Fox News owner Rupert Murdoch is preparing to hand the chief executive role of 21st Century Fox to his son James, writes The New York Times. Murdoch also owns The Wall Street Journal, Fox local stations, and many other media outlets.
Murdoch plans to ask the board of 21st Century Fox to install his younger son, James, as chief executive next week, writes the LA Times newspaper. That’s the job the elder Murdoch has held since his media company was incorporated in 1979.
He is embarking on the task of transferring control of a company to the next generation, while positioning it for future success, writes The NYT.
However, Mr. Murdoch, 84, is expected to stay closely involved with 21st Century Fox as executive chairman, a title he also holds at News Corporation, a conglomerate of media properties he spun off (but still owns) in 2013. The elder Murdoch helped build the companies into a $75 billion empire.
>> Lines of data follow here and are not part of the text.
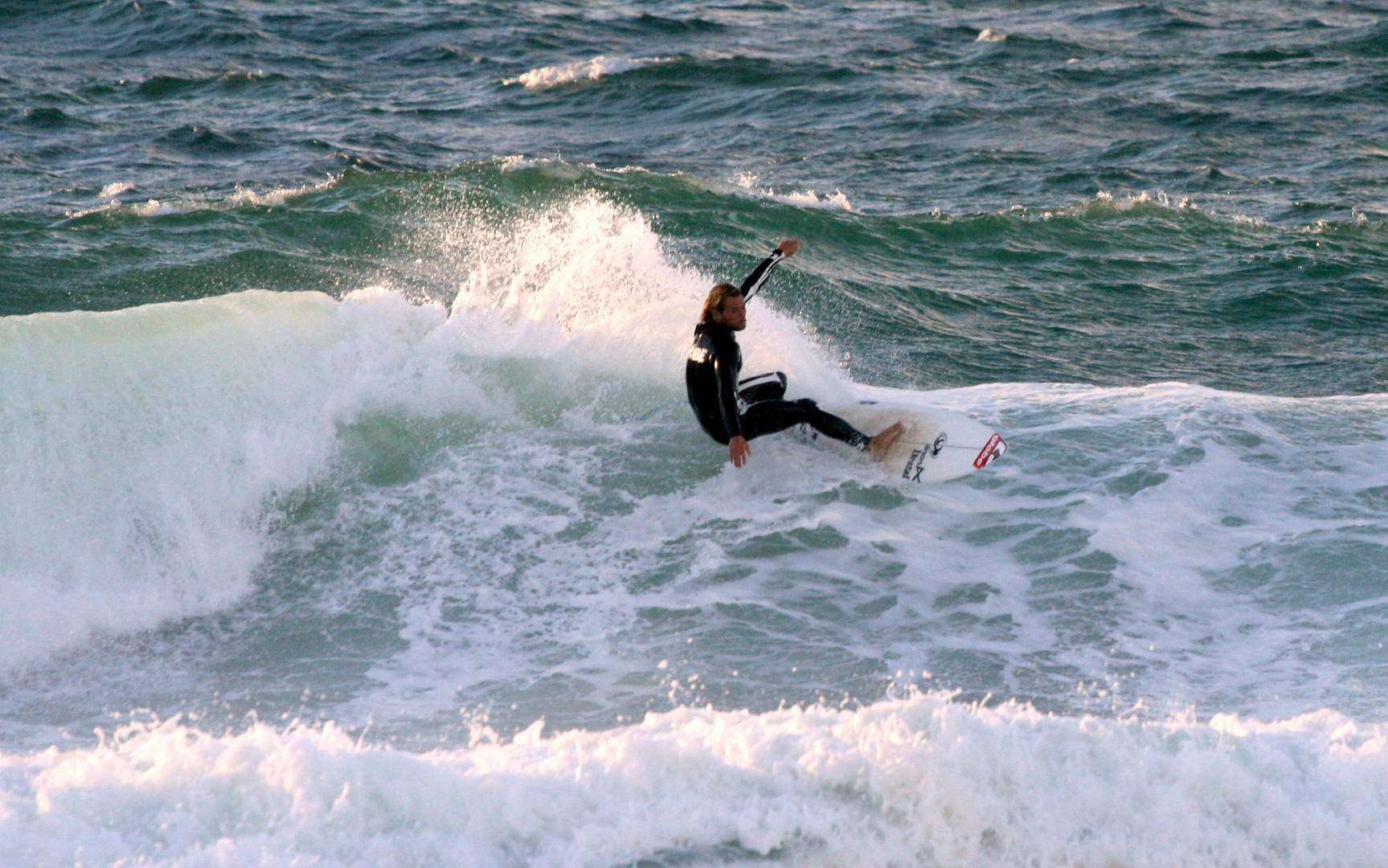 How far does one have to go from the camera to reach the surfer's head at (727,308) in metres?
7.48

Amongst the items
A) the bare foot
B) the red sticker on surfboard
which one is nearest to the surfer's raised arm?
the bare foot

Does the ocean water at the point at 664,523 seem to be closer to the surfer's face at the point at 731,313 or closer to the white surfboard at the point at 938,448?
the white surfboard at the point at 938,448

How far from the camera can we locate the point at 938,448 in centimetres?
776

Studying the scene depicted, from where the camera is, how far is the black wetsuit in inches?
296

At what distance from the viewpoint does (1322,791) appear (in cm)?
482

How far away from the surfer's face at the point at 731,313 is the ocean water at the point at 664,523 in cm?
97

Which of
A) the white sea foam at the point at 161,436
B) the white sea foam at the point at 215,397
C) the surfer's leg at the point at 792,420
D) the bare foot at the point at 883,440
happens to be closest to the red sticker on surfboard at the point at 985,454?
the bare foot at the point at 883,440

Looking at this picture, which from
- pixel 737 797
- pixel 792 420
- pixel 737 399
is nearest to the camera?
pixel 737 797

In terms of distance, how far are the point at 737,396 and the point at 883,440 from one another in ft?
3.21

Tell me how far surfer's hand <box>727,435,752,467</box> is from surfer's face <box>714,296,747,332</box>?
678 mm

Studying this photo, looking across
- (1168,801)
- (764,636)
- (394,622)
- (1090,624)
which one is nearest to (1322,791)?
(1168,801)

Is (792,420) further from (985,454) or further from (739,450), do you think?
(985,454)

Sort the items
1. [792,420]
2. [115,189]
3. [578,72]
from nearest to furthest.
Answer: [792,420]
[115,189]
[578,72]

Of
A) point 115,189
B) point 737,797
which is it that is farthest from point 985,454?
point 115,189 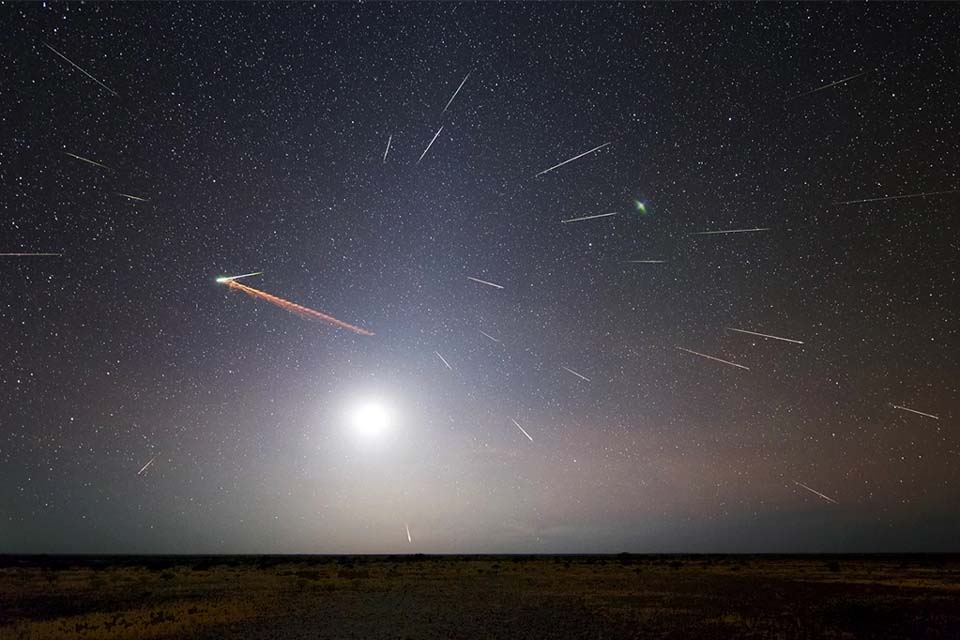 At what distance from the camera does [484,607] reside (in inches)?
1090

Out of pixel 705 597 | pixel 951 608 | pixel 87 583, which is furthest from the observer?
pixel 87 583

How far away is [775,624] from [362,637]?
12407 millimetres

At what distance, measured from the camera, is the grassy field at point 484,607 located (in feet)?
71.1

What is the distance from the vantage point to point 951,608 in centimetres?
2700

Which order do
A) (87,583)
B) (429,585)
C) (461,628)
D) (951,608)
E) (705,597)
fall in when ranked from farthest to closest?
(87,583) < (429,585) < (705,597) < (951,608) < (461,628)

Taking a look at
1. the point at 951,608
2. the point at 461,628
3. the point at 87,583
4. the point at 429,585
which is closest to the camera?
the point at 461,628

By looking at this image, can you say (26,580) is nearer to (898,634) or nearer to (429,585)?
(429,585)

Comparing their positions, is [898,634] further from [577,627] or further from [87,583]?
[87,583]

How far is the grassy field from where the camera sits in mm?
21656

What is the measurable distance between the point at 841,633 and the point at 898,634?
1.54 m

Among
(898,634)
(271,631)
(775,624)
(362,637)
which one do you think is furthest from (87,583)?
(898,634)

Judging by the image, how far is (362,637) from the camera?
20.2 m

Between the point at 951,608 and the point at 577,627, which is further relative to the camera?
the point at 951,608

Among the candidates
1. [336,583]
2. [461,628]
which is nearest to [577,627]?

Murdoch has also been able to steer his companies beyond the British phone hacking scandal of four years ago, writes the LA Times newspaper. In that scandal, News Corp. journalists intercepted cellphone messages left for British celebrities, sports stars and even members of the royal family, according to the LA Times.
James Murdoch is expected to be named chief at 21st Century Fox. James has shown interest in streaming and ad technologies.
Murdoch built his conglomerate from a single Australian newspaper he inherited when his father died in 1952. The “changing of the guard” would represent a third generation of Murdoch family-controlled media, writes the LA Times.